CTX PROTECTION SOCIALE, 12 mars 2025 — 22/00542
Texte intégral
TRIBUNAL JUDICIAIRE DE VALENCIENNES POLE SOCIAL
JUGEMENT DU DOUZE MARS DEUX MIL VINGT CINQ
N° RG 22/00542 - N° Portalis DBZT-W-B7G-F4RK N°MINUTE : 25/136
Le treize décembre deux mil vingt quatre
Le tribunal judiciaire de Valenciennes, statuant en matière de protection sociale, siégeant au palais de justice de ladite ville, sous la présidence de :
Mme Aurélie LA ROSA, Vice-présidente, assistée de : M. Mickaël MARSY, assesseur représentant les travailleurs salariés M. Joseph GEILLER, assesseur représentant les travailleurs non salariés
En présence de Mme Léa PIANET, attachée de justice et de Mme Marie-Luce MAHE, faisant fonction de greffière
A entendu l’affaire suivante :
Entre :
M. [P] [E], demandeur, demeurant [Adresse 1], comparant assisté de Me Jean-Marc VILLESECHE, avocat au barreau d’AVESNES-SUR-HELPE D'une part, Et :
Association [4] “[12]”, défenderesse, dont le siège social est sis [Adresse 2], représentée par Me Jean-luc HAUGER, avocat au barreau de LILLE
Avec :
[9], partie intervenante, dont le siège social est sis [Adresse 3], représentée par Mme [G] [C], agent dudit organisme, régulièrement mandatée
D'autre part,
Puis, après avoir avisé les parties de ce que le jugement serait rendu le 12 février 2025 par mise à disposition au greffe, en avoir délibéré conformément à la loi et avoir prorogé le délibéré au 12 mars 2025, a statué dans les termes suivants :
EXPOSE DU LITIGE
M. [P] [E] a été embauché dans le cadre d’un contrat à durée indéterminée à compter du 1er mars 2008 en qualité d’éducateur sportif, pour le compte de l’association [4].

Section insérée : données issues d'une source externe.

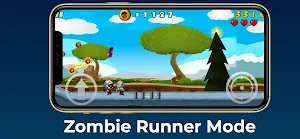 Zombie Brain Rain - Zombie Run Screenshot 3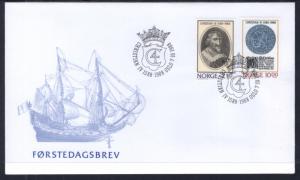 Norway 932-933 U/A FDC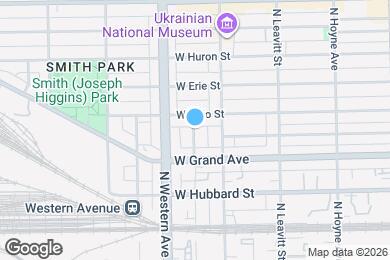 Map image of the property - 537 N Claremont Ave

Par une décision du 19 novembre 2018, la [6] (ci-après [8]), a pris en charge l’accident de M. [P] [E] survenu le 10 juillet 2018, au titre de la législation relative aux risques professionnelles.
Le 18 octobre 2022, M. [P] [E] a saisi la [6] d’une demande en conciliation de la faute inexcusable de l’employeur.
Son état n’étant toujours pas consolidé, la caisse l’a invité à saisir directement le tribunal de céans.
Par requête de son conseil, M. [P] [E] a ainsi saisi la présente juridiction le 09 décembre 2022 d'une demande de reconnaissance de la faute inexcusable de l’association [4] « [12] ».
L’affaire initialement appelée à l’audience du 31 mars 2023 a finalement été retenue, après plusieurs remises à l’audience du 13 décembre 2024.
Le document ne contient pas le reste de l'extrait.